Data for the task —
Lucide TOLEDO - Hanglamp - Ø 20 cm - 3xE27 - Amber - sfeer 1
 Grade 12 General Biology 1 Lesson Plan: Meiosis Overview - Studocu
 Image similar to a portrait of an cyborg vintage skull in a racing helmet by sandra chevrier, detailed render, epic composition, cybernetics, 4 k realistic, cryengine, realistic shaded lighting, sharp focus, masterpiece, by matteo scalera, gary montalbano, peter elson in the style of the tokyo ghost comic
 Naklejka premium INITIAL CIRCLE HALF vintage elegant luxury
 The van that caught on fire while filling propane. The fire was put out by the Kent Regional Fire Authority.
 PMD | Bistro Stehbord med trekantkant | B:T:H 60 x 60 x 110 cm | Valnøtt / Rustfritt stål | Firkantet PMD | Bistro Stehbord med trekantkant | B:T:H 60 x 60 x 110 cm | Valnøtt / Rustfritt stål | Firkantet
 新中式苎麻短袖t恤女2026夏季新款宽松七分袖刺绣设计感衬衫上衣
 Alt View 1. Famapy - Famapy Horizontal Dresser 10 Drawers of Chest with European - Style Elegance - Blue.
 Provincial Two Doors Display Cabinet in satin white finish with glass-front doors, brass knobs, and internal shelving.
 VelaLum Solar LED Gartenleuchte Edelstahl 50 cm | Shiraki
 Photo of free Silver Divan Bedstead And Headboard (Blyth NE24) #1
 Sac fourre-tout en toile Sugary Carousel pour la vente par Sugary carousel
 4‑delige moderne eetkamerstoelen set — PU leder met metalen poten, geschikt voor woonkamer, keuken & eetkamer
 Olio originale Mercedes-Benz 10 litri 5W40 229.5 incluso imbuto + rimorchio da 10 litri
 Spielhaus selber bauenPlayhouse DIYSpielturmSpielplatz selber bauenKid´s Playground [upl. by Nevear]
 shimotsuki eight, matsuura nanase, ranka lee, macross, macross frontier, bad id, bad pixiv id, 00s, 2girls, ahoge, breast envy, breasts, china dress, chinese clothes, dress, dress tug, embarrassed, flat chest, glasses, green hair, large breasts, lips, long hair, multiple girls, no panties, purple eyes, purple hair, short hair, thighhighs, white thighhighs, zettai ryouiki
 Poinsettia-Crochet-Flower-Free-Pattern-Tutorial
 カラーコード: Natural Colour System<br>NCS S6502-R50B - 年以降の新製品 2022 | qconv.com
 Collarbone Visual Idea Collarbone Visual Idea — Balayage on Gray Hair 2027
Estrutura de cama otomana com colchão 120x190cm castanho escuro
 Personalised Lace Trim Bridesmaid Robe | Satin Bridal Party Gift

Exercise directions —
Your reply should hold only the lines from the first line of the records through the one with "Photo of free", reproduced word for word.

Answer for the task —
Lucide TOLEDO - Hanglamp - Ø 20 cm - 3xE27 - Amber - sfeer 1
 Grade 12 General Biology 1 Lesson Plan: Meiosis Overview - Studocu
 Image similar to a portrait of an cyborg vintage skull in a racing helmet by sandra chevrier, detailed render, epic composition, cybernetics, 4 k realistic, cryengine, realistic shaded lighting, sharp focus, masterpiece, by matteo scalera, gary montalbano, peter elson in the style of the tokyo ghost comic
 Naklejka premium INITIAL CIRCLE HALF vintage elegant luxury
 The van that caught on fire while filling propane. The fire was put out by the Kent Regional Fire Authority.
 PMD | Bistro Stehbord med trekantkant | B:T:H 60 x 60 x 110 cm | Valnøtt / Rustfritt stål | Firkantet PMD | Bistro Stehbord med trekantkant | B:T:H 60 x 60 x 110 cm | Valnøtt / Rustfritt stål | Firkantet
 新中式苎麻短袖t恤女2026夏季新款宽松七分袖刺绣设计感衬衫上衣
 Alt View 1. Famapy - Famapy Horizontal Dresser 10 Drawers of Chest with European - Style Elegance - Blue.
 Provincial Two Doors Display Cabinet in satin white finish with glass-front doors, brass knobs, and internal shelving.
 VelaLum Solar LED Gartenleuchte Edelstahl 50 cm | Shiraki
 Photo of free Silver Divan Bedstead And Headboard (Blyth NE24) #1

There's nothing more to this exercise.